New orders for key U.S.-manufactured capital goods fell more than expected in March and shipments declined, suggesting that business spending on equipment likely remained a drag on first-quarter economic growth.  Still, earnings forecasts looked way more optimistic after Tuesday evening's bullish reports, with analysts now expecting a 3.2% contraction in first-quarter profit for S&P 500 companies compared with expectations for a 3.9% decline just a day ago.

Of the 163 S&P 500 companies that reported first-quarter profit through Wednesday, 79.8% topped analysts' expectations, as per Refinitiv IBES data.

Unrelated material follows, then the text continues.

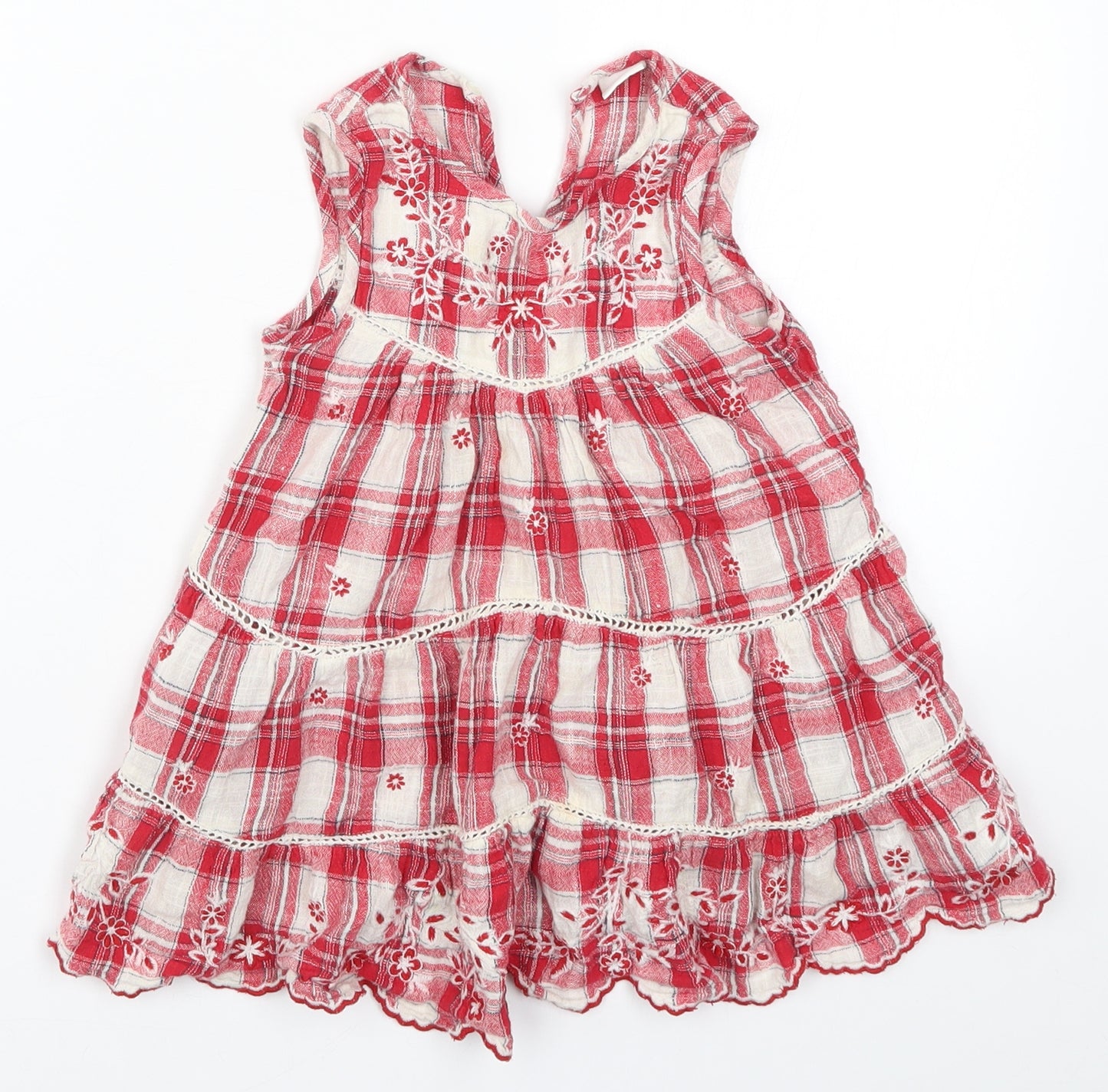 NEXT Girls Red Check  Trapeze & Swing  Size 3 Years  - Flowers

In a typical quarter, 66% companies beat estimates.  "There had been a greater concern that the economy was going to slow down to a more significant extent and so far first-quarter earnings are bucking that trend and looking much stronger than anticipated," said Greg Bassuk, chief executive at AXS Investments.

However, regional lender First Republic Bank's (FRC.N) shares sank, hitting a fresh record low for the second day in a row, after a report that the U.S. government was unwilling to engineer its rescue, after the lender reported plunging deposits earlier this week.  U.S. bank regulators were weighing the prospect of downgrading their private assessments of First Republic, which could curb its borrowing from the Fed, Bloomberg News reported on Wednesday afternoon.  Shares of PacWest Bancorp (PACW.O), another regional bank, rallied as it beat estimates for first-quarter profit and stabilized deposit outflows.  Meta Platforms Inc (META.O) is scheduled to report results after the market close.

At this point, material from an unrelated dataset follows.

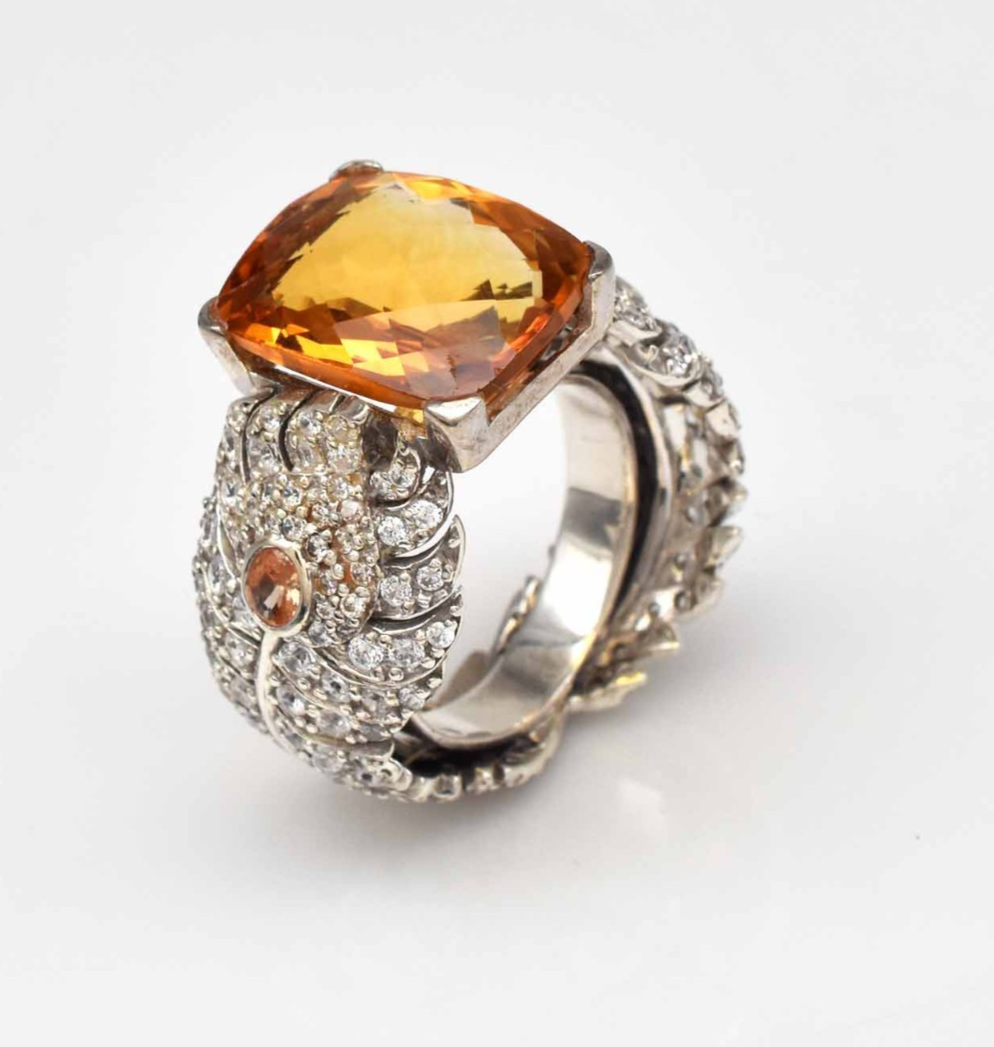 Natural Yellow Citrine Cushion Cubic Zirconia Top Gemstone Silver Cocktail Ring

Investors are awaiting the Fed's monetary policy decision on May 3 for clues on policymakers' next steps regarding interest rates.  Traders have priced in a 79% chance of the U.S. central bank hiking rates by 25 basis points next week, as per CMEGroup's Fedwatch tool, with most expecting the Fed to hold rates before starting to cut them later this year.  Reflecting mounting anxiety among investors, the cost of insuring exposure to U.S. sovereign debt rose to its highest since 2011, driven up by unease that the government could hit its debt ceiling sooner than expected.

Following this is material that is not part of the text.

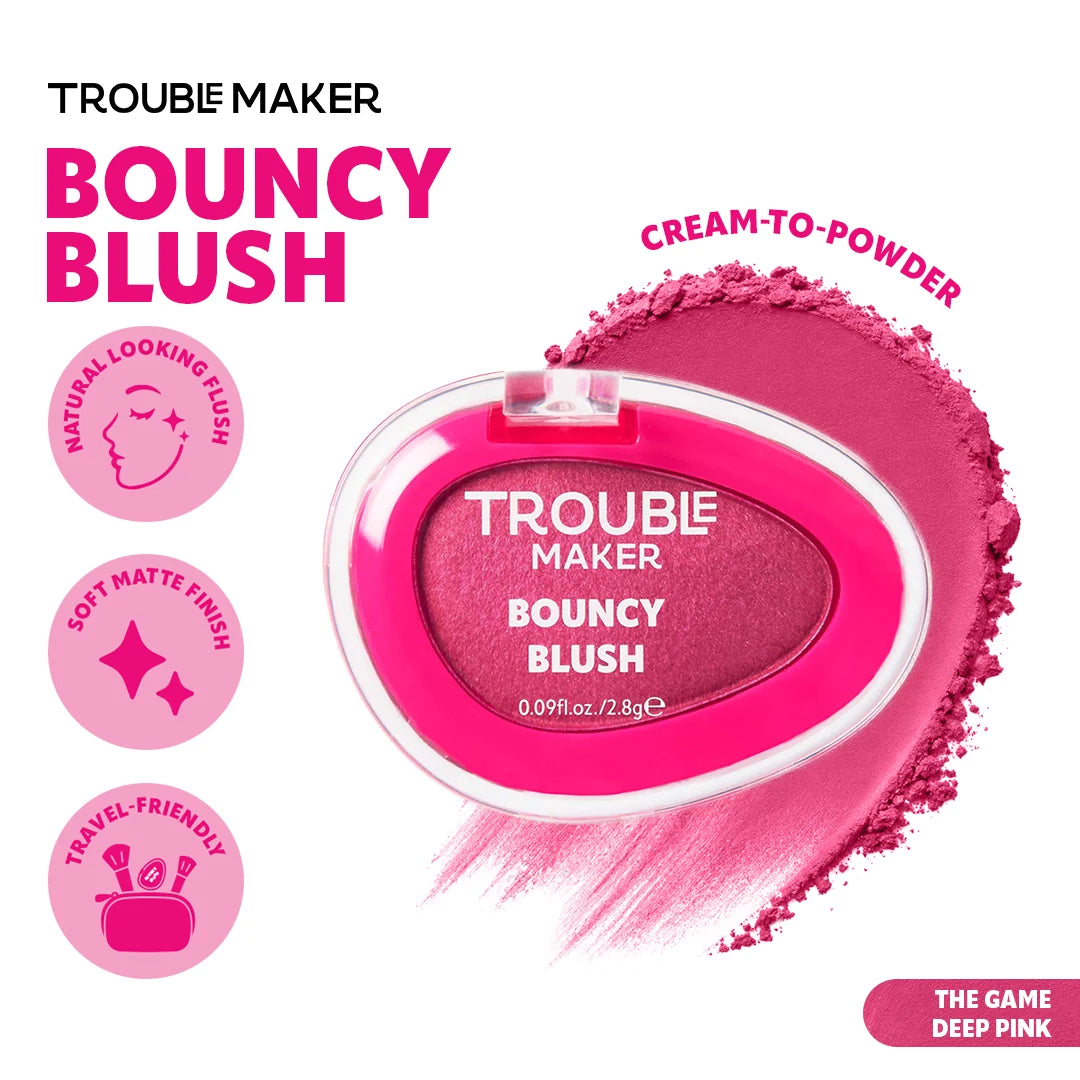 Trouble Maker Bouncy Blush Stain The Game Deep Pink 4pc Set + 1 Full Size Product Worth 25% Value Free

Activision Blizzard (ATVI.O) tumbled after UK's competition regulator prevented its takeover by Microsoft on antitrust concerns. 

Declining issues outnumbered advancers on the NYSE by a 2.07-to-1 ratio. The S&P 500 posted five new 52-week highs and 11 new lows.

On U.S. exchanges 11.06 billion shares changed hands compared with the 10.4 billion average for the last 20 sessions.